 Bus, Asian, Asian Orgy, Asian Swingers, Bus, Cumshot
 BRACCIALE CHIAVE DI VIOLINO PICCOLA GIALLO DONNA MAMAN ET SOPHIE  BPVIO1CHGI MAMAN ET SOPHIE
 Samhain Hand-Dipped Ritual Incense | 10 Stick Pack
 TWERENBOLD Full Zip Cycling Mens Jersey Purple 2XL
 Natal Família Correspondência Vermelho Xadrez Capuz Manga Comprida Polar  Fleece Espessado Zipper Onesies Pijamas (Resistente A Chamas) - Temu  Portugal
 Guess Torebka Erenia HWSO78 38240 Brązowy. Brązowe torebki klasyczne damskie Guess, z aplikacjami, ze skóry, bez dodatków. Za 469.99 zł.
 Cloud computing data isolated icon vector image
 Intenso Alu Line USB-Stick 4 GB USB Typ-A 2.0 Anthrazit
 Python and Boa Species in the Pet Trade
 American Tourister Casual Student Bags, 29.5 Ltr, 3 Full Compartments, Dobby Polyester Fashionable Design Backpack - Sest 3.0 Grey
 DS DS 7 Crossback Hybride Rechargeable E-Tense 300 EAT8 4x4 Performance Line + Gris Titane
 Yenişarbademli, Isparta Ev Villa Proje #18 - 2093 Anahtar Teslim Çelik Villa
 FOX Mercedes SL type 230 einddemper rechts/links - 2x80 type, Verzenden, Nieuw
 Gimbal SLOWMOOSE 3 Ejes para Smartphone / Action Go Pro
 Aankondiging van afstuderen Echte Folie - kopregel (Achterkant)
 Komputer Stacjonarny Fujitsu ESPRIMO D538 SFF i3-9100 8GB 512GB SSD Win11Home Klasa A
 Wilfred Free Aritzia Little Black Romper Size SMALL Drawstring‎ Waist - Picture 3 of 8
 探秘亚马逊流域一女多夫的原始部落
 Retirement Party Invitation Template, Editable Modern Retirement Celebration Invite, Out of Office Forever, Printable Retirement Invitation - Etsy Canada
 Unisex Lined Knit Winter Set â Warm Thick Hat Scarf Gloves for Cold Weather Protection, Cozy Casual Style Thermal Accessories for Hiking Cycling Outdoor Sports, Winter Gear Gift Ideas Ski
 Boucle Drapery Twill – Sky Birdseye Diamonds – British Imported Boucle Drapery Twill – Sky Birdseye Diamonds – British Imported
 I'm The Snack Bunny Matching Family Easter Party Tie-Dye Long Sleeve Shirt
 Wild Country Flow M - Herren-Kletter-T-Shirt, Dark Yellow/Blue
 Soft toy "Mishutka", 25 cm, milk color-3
-=-=-
WORK INSTRUCTION: Using the data above, transcribe the lines that run from the line with "Intenso Alu Line" to the line with "DS DS 7 Crossback", both ends kept, and output nothing else.

EXPECTED ANSWER:
 Intenso Alu Line USB-Stick 4 GB USB Typ-A 2.0 Anthrazit
 Python and Boa Species in the Pet Trade
 American Tourister Casual Student Bags, 29.5 Ltr, 3 Full Compartments, Dobby Polyester Fashionable Design Backpack - Sest 3.0 Grey
 DS DS 7 Crossback Hybride Rechargeable E-Tense 300 EAT8 4x4 Performance Line + Gris Titane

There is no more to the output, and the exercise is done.